Apart from welcoming you all here this afternoon and saying how really grateful I am that you’ve all taken such an interest in this particular cause, I really did want to express my special thanks to Gerald and Dame Gail Ronson for their tremendous efforts in mounting the Association for Research into Stammering in Childhood Appeal along with so many other things that are worthwhile in this country, also obviously to Michael Palin for his unflagging support of the Charity since its launch; and the Secretary of State, Ed Balls, for his huge commitment to the cause; after all he made me an offer I couldn’t possibly refuse last year to which I was very glad to be able to agree.
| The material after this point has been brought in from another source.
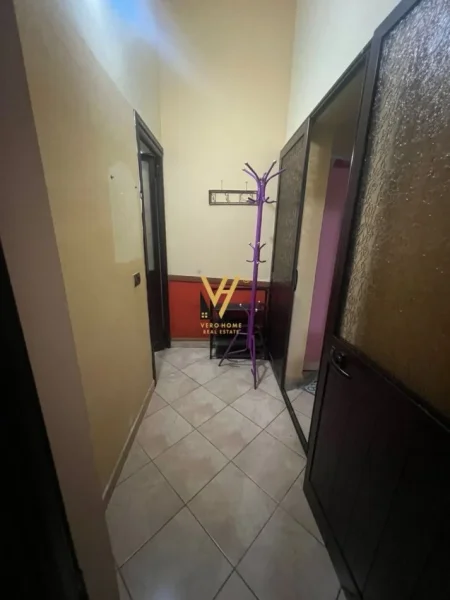 Tirane, jepet me qera apartament 1+1+Ballkon Kati 1, 45 m² 350 € (SIRI KODRA)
I am so pleased to be Patron of this Appeal particularly in memory of my Grandfather, King George VI, who as many of you will know, was afflicted with a stammer for many years. His stammer cut him off I think in so many ways from his parents and his brothers and sisters and drove him into himself as I suspect so many stammerers will understand. Above all he experienced that awful fear of feeling different from others. But, fortunately, my Grandfather found a remarkable Australian called Lionel Logue and his objective was to convince the patient that stammerers were entirely normal people with a perfectly normal complaint. Now of course as most of you know a film has been made and I think produced by somebody in this room, which is called The King’s Speech, which has Colin Firth and Helena Bonham Carter playing the parts of my Grandfather and my Grandmother so it will be very interesting to see how it is treated. Of course my Grandfather was fortunate enough to receive speech therapy services which enabled him to overcome the condition. However, there are many individuals who still do not have access to these essential services.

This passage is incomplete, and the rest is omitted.